### Task statement
Each entry should be written out again exactly, so that nothing is lost.

(Short text fragments from websites)
* * *

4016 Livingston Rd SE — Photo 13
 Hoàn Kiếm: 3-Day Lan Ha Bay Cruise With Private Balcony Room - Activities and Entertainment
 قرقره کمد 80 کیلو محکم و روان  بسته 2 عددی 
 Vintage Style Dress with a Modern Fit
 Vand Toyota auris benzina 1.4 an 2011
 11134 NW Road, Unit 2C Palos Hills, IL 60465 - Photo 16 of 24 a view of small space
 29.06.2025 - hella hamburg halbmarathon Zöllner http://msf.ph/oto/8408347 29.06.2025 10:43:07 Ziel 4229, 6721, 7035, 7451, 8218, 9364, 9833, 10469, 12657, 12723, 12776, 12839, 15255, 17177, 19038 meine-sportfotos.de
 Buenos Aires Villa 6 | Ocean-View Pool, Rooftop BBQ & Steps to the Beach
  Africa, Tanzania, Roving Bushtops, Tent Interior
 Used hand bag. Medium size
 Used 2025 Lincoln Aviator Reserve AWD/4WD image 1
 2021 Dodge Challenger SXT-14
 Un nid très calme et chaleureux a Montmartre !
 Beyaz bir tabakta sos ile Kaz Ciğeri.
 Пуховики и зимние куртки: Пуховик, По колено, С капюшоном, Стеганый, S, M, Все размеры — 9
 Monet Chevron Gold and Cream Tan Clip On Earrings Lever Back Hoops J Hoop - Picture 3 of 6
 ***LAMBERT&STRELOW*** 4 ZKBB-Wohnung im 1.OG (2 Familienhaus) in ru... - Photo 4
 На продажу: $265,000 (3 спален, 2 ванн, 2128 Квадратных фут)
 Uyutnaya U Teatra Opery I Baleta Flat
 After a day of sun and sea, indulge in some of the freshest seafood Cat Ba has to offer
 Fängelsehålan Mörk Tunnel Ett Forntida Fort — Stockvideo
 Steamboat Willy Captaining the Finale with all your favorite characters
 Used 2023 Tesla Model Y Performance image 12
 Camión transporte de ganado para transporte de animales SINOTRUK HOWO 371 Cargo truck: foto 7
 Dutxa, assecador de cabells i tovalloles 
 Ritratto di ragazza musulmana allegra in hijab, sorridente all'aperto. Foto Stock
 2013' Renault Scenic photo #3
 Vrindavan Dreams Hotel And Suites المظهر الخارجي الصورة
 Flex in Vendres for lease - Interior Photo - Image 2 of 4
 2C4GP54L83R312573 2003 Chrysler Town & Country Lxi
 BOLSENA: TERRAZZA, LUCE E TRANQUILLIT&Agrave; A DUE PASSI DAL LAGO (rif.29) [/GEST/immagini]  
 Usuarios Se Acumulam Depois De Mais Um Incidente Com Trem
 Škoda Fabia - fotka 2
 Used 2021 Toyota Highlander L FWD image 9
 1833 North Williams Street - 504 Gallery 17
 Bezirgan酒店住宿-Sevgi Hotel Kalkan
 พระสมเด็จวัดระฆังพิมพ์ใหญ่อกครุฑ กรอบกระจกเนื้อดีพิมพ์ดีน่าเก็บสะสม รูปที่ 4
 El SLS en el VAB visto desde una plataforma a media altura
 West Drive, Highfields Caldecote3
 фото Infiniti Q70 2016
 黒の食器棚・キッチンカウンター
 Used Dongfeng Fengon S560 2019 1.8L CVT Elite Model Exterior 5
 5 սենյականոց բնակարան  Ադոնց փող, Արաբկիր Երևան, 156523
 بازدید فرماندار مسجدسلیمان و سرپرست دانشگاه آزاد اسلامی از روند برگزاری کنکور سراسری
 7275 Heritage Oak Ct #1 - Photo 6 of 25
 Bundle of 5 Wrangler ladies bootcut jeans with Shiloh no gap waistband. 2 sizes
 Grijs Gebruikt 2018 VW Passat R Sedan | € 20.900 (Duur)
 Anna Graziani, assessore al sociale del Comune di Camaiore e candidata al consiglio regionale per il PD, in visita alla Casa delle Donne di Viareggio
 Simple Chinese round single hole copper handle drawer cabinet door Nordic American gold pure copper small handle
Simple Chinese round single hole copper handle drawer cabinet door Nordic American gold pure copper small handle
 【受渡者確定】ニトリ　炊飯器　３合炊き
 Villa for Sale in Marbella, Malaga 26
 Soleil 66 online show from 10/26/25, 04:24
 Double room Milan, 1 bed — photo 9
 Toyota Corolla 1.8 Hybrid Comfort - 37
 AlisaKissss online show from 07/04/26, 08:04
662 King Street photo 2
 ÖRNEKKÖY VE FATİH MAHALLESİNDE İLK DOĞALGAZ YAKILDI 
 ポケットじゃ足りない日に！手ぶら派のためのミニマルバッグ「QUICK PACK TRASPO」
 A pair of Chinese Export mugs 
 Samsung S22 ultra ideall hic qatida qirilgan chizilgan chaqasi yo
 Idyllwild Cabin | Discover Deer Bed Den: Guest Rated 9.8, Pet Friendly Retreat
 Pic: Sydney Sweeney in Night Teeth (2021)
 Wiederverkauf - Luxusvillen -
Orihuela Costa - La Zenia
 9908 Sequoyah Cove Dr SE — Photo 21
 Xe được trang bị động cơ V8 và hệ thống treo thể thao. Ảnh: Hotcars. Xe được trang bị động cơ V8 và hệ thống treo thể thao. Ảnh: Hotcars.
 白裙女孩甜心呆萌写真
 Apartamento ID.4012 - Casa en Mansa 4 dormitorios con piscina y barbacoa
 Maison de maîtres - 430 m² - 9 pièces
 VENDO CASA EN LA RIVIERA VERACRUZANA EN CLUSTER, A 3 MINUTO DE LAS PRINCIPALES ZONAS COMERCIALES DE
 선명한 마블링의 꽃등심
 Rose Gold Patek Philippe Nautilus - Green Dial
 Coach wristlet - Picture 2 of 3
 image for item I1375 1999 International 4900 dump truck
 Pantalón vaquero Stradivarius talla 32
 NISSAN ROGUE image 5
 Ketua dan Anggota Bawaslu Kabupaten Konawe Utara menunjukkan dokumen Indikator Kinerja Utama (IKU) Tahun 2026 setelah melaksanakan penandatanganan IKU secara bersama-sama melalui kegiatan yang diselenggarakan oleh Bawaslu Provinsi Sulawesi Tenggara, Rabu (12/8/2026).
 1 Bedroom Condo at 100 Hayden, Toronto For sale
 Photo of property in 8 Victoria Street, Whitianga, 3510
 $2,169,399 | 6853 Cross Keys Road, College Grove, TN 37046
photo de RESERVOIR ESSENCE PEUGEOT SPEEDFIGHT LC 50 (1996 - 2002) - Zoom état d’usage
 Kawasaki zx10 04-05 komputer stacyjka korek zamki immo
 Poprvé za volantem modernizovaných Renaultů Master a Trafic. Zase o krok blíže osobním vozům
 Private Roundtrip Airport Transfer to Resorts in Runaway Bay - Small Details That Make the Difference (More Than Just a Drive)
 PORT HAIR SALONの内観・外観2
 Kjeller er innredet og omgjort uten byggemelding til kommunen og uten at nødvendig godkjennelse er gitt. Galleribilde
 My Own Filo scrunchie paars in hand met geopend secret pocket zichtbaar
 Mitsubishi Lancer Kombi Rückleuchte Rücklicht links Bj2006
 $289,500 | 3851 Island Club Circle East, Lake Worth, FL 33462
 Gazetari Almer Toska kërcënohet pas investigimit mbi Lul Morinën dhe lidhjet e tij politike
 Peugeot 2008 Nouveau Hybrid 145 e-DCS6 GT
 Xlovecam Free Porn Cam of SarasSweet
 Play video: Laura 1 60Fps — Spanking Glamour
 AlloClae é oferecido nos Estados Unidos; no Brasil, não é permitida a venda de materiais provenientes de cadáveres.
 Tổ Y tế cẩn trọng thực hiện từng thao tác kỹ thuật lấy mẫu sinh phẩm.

* * *

### Solution to this task
4016 Livingston Rd SE — Photo 13
 Hoàn Kiếm: 3-Day Lan Ha Bay Cruise With Private Balcony Room - Activities and Entertainment
 قرقره کمد 80 کیلو محکم و روان  بسته 2 عددی 
 Vintage Style Dress with a Modern Fit
 Vand Toyota auris benzina 1.4 an 2011
 11134 NW Road, Unit 2C Palos Hills, IL 60465 - Photo 16 of 24 a view of small space
 29.06.2025 - hella hamburg halbmarathon Zöllner http://msf.ph/oto/8408347 29.06.2025 10:43:07 Ziel 4229, 6721, 7035, 7451, 8218, 9364, 9833, 10469, 12657, 12723, 12776, 12839, 15255, 17177, 19038 meine-sportfotos.de
 Buenos Aires Villa 6 | Ocean-View Pool, Rooftop BBQ & Steps to the Beach
  Africa, Tanzania, Roving Bushtops, Tent Interior
 Used hand bag. Medium size
 Used 2025 Lincoln Aviator Reserve AWD/4WD image 1
 2021 Dodge Challenger SXT-14
 Un nid très calme et chaleureux a Montmartre !
 Beyaz bir tabakta sos ile Kaz Ciğeri.
 Пуховики и зимние куртки: Пуховик, По колено, С капюшоном, Стеганый, S, M, Все размеры — 9
 Monet Chevron Gold and Cream Tan Clip On Earrings Lever Back Hoops J Hoop - Picture 3 of 6
 ***LAMBERT&STRELOW*** 4 ZKBB-Wohnung im 1.OG (2 Familienhaus) in ru... - Photo 4
 На продажу: $265,000 (3 спален, 2 ванн, 2128 Квадратных фут)
 Uyutnaya U Teatra Opery I Baleta Flat
 After a day of sun and sea, indulge in some of the freshest seafood Cat Ba has to offer
 Fängelsehålan Mörk Tunnel Ett Forntida Fort — Stockvideo
 Steamboat Willy Captaining the Finale with all your favorite characters
 Used 2023 Tesla Model Y Performance image 12
 Camión transporte de ganado para transporte de animales SINOTRUK HOWO 371 Cargo truck: foto 7
 Dutxa, assecador de cabells i tovalloles 
 Ritratto di ragazza musulmana allegra in hijab, sorridente all'aperto. Foto Stock
 2013' Renault Scenic photo #3
 Vrindavan Dreams Hotel And Suites المظهر الخارجي الصورة
 Flex in Vendres for lease - Interior Photo - Image 2 of 4
 2C4GP54L83R312573 2003 Chrysler Town & Country Lxi
 BOLSENA: TERRAZZA, LUCE E TRANQUILLIT&Agrave; A DUE PASSI DAL LAGO (rif.29) [/GEST/immagini]  
 Usuarios Se Acumulam Depois De Mais Um Incidente Com Trem
 Škoda Fabia - fotka 2
 Used 2021 Toyota Highlander L FWD image 9
 1833 North Williams Street - 504 Gallery 17
 Bezirgan酒店住宿-Sevgi Hotel Kalkan
 พระสมเด็จวัดระฆังพิมพ์ใหญ่อกครุฑ กรอบกระจกเนื้อดีพิมพ์ดีน่าเก็บสะสม รูปที่ 4
 El SLS en el VAB visto desde una plataforma a media altura
 West Drive, Highfields Caldecote3
 фото Infiniti Q70 2016
 黒の食器棚・キッチンカウンター
 Used Dongfeng Fengon S560 2019 1.8L CVT Elite Model Exterior 5
 5 սենյականոց բնակարան  Ադոնց փող, Արաբկիր Երևան, 156523
 بازدید فرماندار مسجدسلیمان و سرپرست دانشگاه آزاد اسلامی از روند برگزاری کنکور سراسری
 7275 Heritage Oak Ct #1 - Photo 6 of 25
 Bundle of 5 Wrangler ladies bootcut jeans with Shiloh no gap waistband. 2 sizes
 Grijs Gebruikt 2018 VW Passat R Sedan | € 20.900 (Duur)
 Anna Graziani, assessore al sociale del Comune di Camaiore e candidata al consiglio regionale per il PD, in visita alla Casa delle Donne di Viareggio
 Simple Chinese round single hole copper handle drawer cabinet door Nordic American gold pure copper small handle
Simple Chinese round single hole copper handle drawer cabinet door Nordic American gold pure copper small handle
 【受渡者確定】ニトリ　炊飯器　３合炊き
 Villa for Sale in Marbella, Malaga 26
 Soleil 66 online show from 10/26/25, 04:24
 Double room Milan, 1 bed — photo 9
 Toyota Corolla 1.8 Hybrid Comfort - 37
 AlisaKissss online show from 07/04/26, 08:04
662 King Street photo 2
 ÖRNEKKÖY VE FATİH MAHALLESİNDE İLK DOĞALGAZ YAKILDI 
 ポケットじゃ足りない日に！手ぶら派のためのミニマルバッグ「QUICK PACK TRASPO」
 A pair of Chinese Export mugs 
 Samsung S22 ultra ideall hic qatida qirilgan chizilgan chaqasi yo
 Idyllwild Cabin | Discover Deer Bed Den: Guest Rated 9.8, Pet Friendly Retreat
 Pic: Sydney Sweeney in Night Teeth (2021)
 Wiederverkauf - Luxusvillen -
Orihuela Costa - La Zenia
 9908 Sequoyah Cove Dr SE — Photo 21
 Xe được trang bị động cơ V8 và hệ thống treo thể thao. Ảnh: Hotcars. Xe được trang bị động cơ V8 và hệ thống treo thể thao. Ảnh: Hotcars.
 白裙女孩甜心呆萌写真
 Apartamento ID.4012 - Casa en Mansa 4 dormitorios con piscina y barbacoa
 Maison de maîtres - 430 m² - 9 pièces
 VENDO CASA EN LA RIVIERA VERACRUZANA EN CLUSTER, A 3 MINUTO DE LAS PRINCIPALES ZONAS COMERCIALES DE
 선명한 마블링의 꽃등심
 Rose Gold Patek Philippe Nautilus - Green Dial
 Coach wristlet - Picture 2 of 3
 image for item I1375 1999 International 4900 dump truck
 Pantalón vaquero Stradivarius talla 32
 NISSAN ROGUE image 5
 Ketua dan Anggota Bawaslu Kabupaten Konawe Utara menunjukkan dokumen Indikator Kinerja Utama (IKU) Tahun 2026 setelah melaksanakan penandatanganan IKU secara bersama-sama melalui kegiatan yang diselenggarakan oleh Bawaslu Provinsi Sulawesi Tenggara, Rabu (12/8/2026).
 1 Bedroom Condo at 100 Hayden, Toronto For sale
 Photo of property in 8 Victoria Street, Whitianga, 3510
 $2,169,399 | 6853 Cross Keys Road, College Grove, TN 37046
photo de RESERVOIR ESSENCE PEUGEOT SPEEDFIGHT LC 50 (1996 - 2002) - Zoom état d’usage
 Kawasaki zx10 04-05 komputer stacyjka korek zamki immo
 Poprvé za volantem modernizovaných Renaultů Master a Trafic. Zase o krok blíže osobním vozům
 Private Roundtrip Airport Transfer to Resorts in Runaway Bay - Small Details That Make the Difference (More Than Just a Drive)
 PORT HAIR SALONの内観・外観2
 Kjeller er innredet og omgjort uten byggemelding til kommunen og uten at nødvendig godkjennelse er gitt. Galleribilde
 My Own Filo scrunchie paars in hand met geopend secret pocket zichtbaar
 Mitsubishi Lancer Kombi Rückleuchte Rücklicht links Bj2006
 $289,500 | 3851 Island Club Circle East, Lake Worth, FL 33462
 Gazetari Almer Toska kërcënohet pas investigimit mbi Lul Morinën dhe lidhjet e tij politike
 Peugeot 2008 Nouveau Hybrid 145 e-DCS6 GT
 Xlovecam Free Porn Cam of SarasSweet
 Play video: Laura 1 60Fps — Spanking Glamour
 AlloClae é oferecido nos Estados Unidos; no Brasil, não é permitida a venda de materiais provenientes de cadáveres.
 Tổ Y tế cẩn trọng thực hiện từng thao tác kỹ thuật lấy mẫu sinh phẩm.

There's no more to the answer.